EXERCISE DETAILS:
Leaving the pictures aside, return the listing exactly as it appears.

DATA RECORDS:
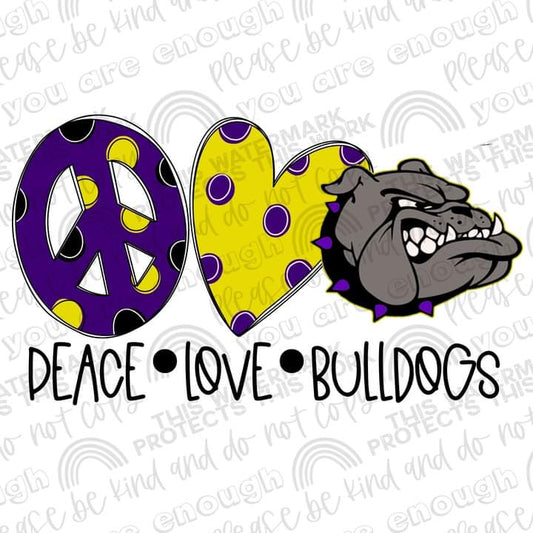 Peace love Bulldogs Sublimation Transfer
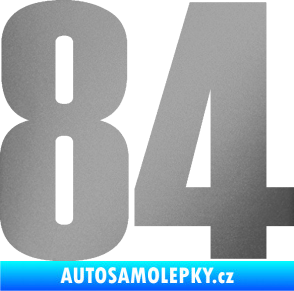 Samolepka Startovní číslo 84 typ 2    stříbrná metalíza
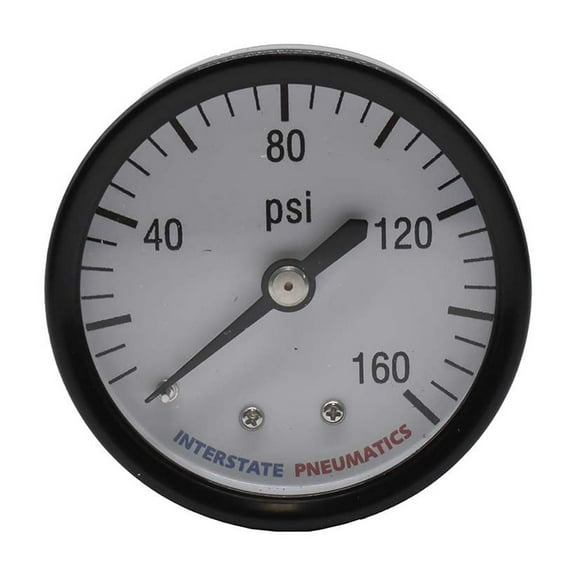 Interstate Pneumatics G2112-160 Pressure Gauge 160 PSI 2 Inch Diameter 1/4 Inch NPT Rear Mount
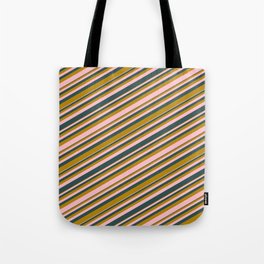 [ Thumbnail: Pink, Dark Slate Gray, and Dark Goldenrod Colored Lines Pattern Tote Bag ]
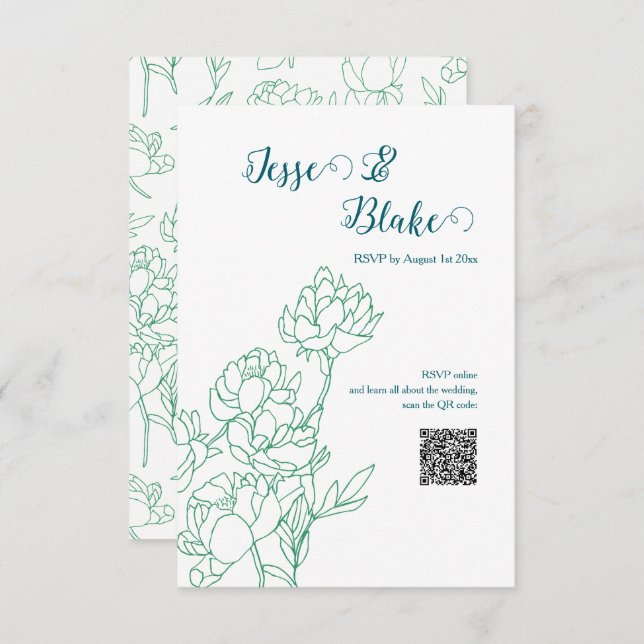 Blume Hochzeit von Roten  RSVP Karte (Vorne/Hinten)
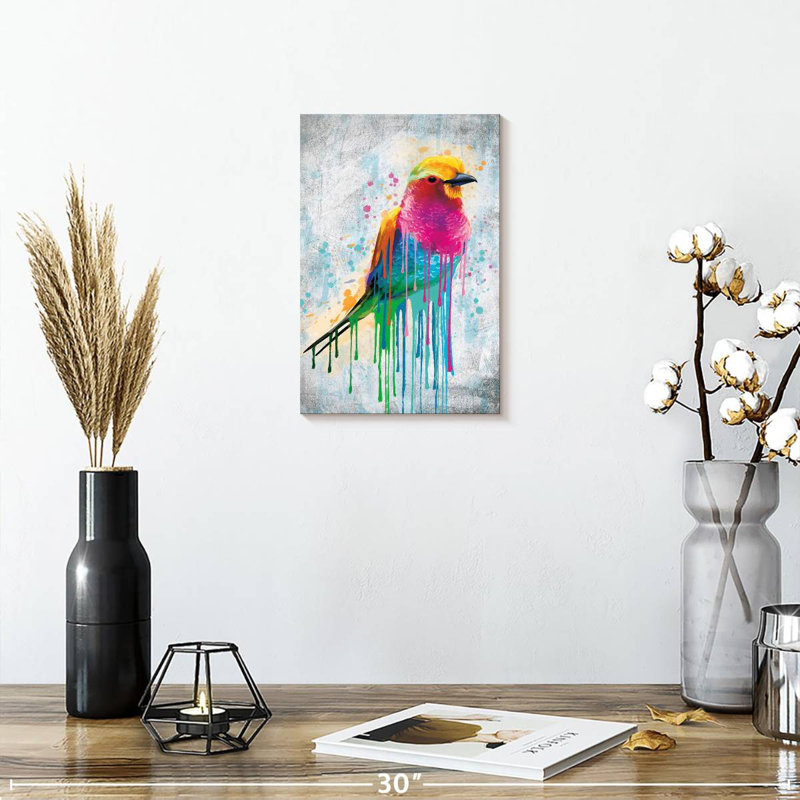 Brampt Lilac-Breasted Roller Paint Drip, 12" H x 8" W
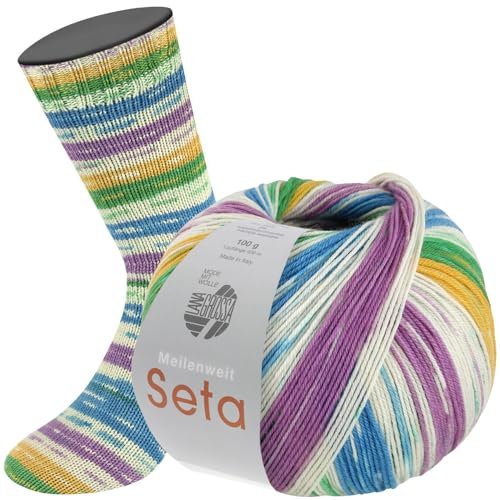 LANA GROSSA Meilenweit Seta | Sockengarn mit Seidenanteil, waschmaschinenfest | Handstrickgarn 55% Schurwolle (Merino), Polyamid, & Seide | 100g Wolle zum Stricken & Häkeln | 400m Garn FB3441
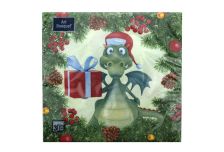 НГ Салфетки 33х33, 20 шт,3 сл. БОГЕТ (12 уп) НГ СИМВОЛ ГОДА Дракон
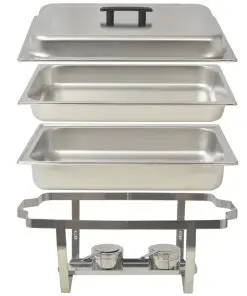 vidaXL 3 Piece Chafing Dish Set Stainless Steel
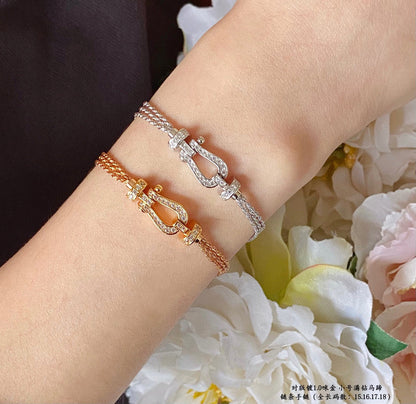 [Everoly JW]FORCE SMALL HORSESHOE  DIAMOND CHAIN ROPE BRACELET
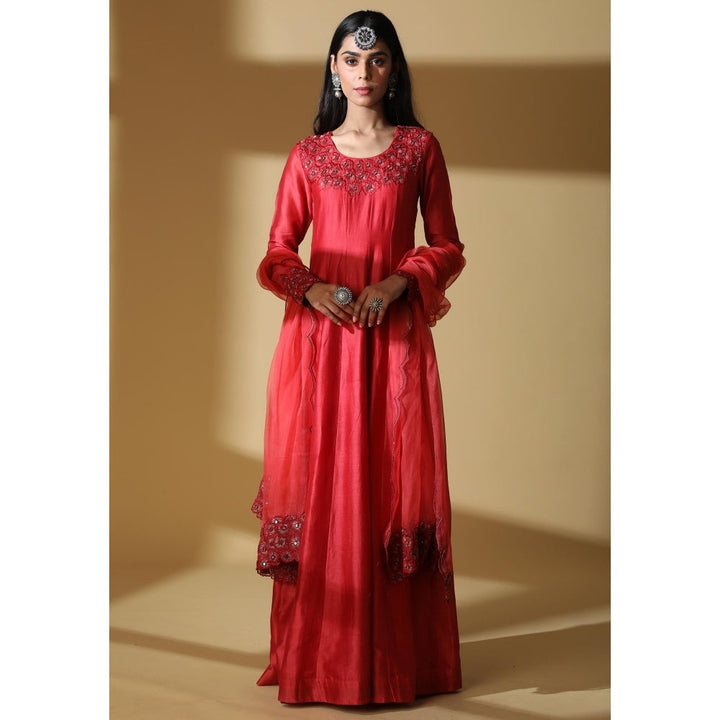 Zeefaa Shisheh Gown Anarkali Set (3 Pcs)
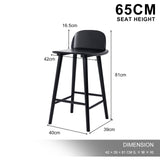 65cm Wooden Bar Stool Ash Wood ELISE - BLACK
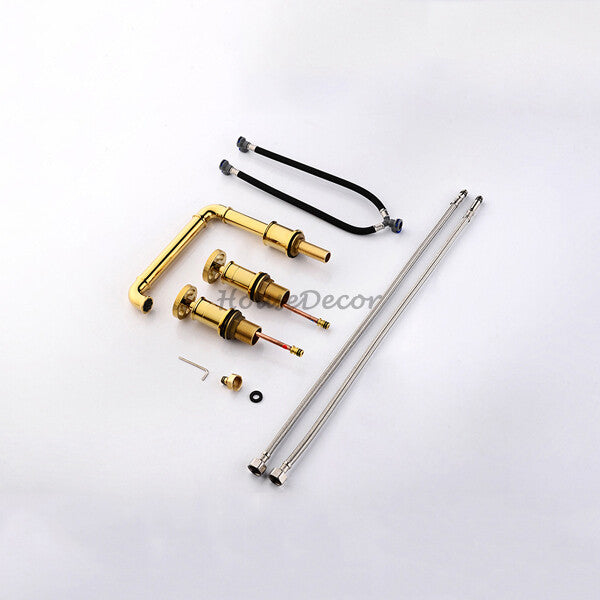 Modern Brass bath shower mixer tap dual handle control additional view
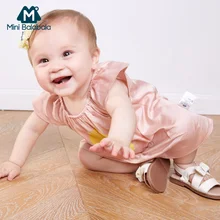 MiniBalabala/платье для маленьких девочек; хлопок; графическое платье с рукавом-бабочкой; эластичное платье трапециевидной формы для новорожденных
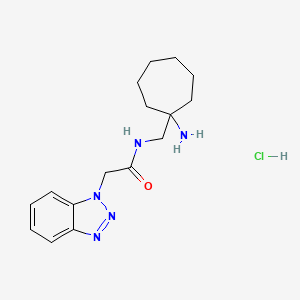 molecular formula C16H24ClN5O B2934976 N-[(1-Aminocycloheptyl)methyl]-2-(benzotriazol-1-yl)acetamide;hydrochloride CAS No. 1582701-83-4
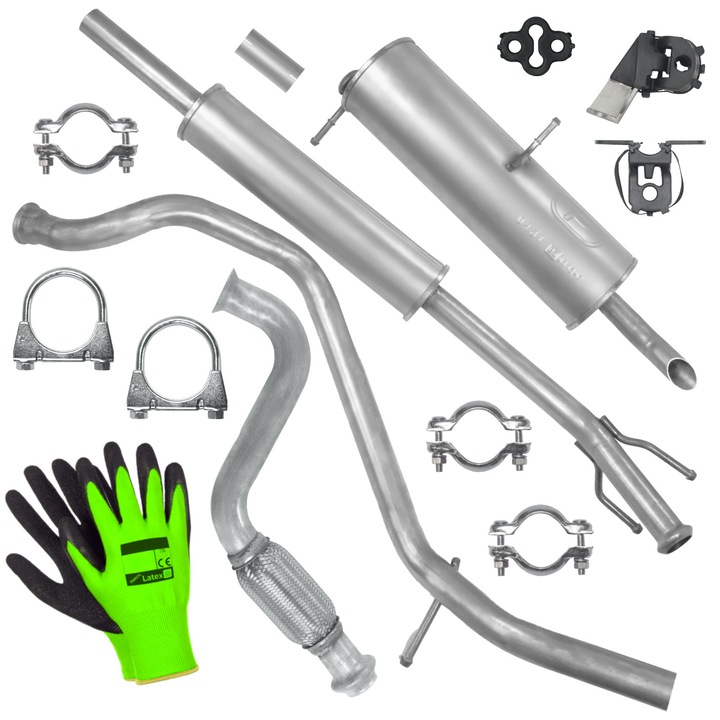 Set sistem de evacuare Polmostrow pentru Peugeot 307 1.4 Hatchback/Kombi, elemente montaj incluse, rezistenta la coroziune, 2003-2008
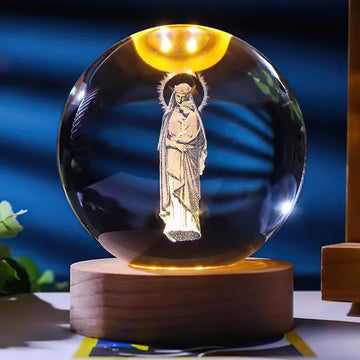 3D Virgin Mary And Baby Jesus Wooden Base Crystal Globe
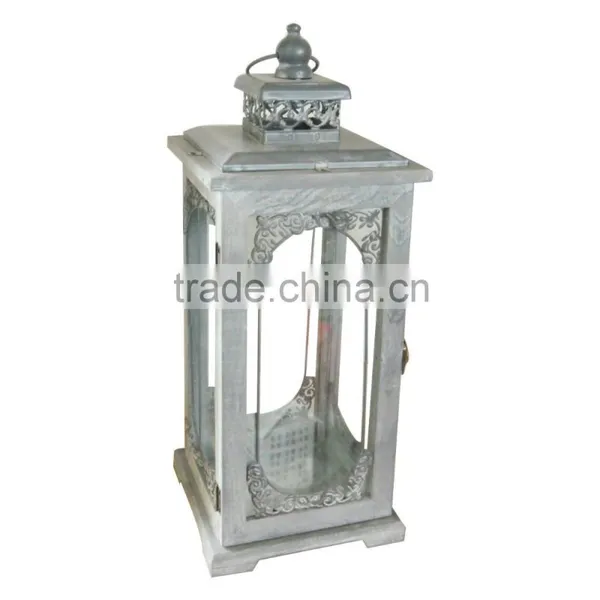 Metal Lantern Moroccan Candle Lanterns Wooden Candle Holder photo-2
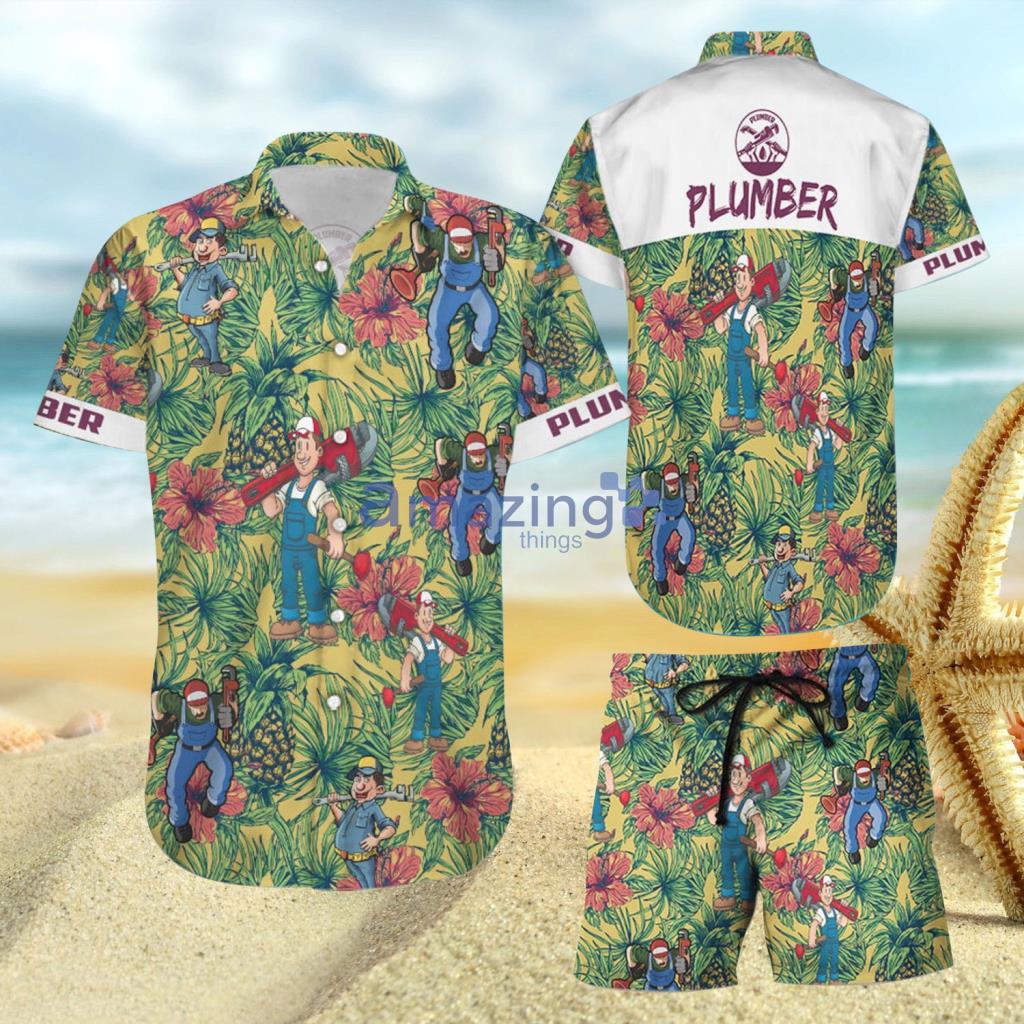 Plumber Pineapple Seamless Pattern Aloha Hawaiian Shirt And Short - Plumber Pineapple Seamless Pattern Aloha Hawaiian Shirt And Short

SOLUTION:
 Peace love Bulldogs Sublimation Transfer
 Samolepka Startovní číslo 84 typ 2    stříbrná metalíza
 Interstate Pneumatics G2112-160 Pressure Gauge 160 PSI 2 Inch Diameter 1/4 Inch NPT Rear Mount
 [ Thumbnail: Pink, Dark Slate Gray, and Dark Goldenrod Colored Lines Pattern Tote Bag ]
 Blume Hochzeit von Roten  RSVP Karte (Vorne/Hinten)
 Brampt Lilac-Breasted Roller Paint Drip, 12" H x 8" W
 LANA GROSSA Meilenweit Seta | Sockengarn mit Seidenanteil, waschmaschinenfest | Handstrickgarn 55% Schurwolle (Merino), Polyamid, & Seide | 100g Wolle zum Stricken & Häkeln | 400m Garn FB3441
 НГ Салфетки 33х33, 20 шт,3 сл. БОГЕТ (12 уп) НГ СИМВОЛ ГОДА Дракон
 vidaXL 3 Piece Chafing Dish Set Stainless Steel
 [Everoly JW]FORCE SMALL HORSESHOE  DIAMOND CHAIN ROPE BRACELET
 Zeefaa Shisheh Gown Anarkali Set (3 Pcs)
 65cm Wooden Bar Stool Ash Wood ELISE - BLACK
 Modern Brass bath shower mixer tap dual handle control additional view
 MiniBalabala/платье для маленьких девочек; хлопок; графическое платье с рукавом-бабочкой; эластичное платье трапециевидной формы для новорожденных
 molecular formula C16H24ClN5O B2934976 N-[(1-Aminocycloheptyl)methyl]-2-(benzotriazol-1-yl)acetamide;hydrochloride CAS No. 1582701-83-4
 Set sistem de evacuare Polmostrow pentru Peugeot 307 1.4 Hatchback/Kombi, elemente montaj incluse, rezistenta la coroziune, 2003-2008
 3D Virgin Mary And Baby Jesus Wooden Base Crystal Globe
 Metal Lantern Moroccan Candle Lanterns Wooden Candle Holder photo-2
 Plumber Pineapple Seamless Pattern Aloha Hawaiian Shirt And Short - Plumber Pineapple Seamless Pattern Aloha Hawaiian Shirt And Short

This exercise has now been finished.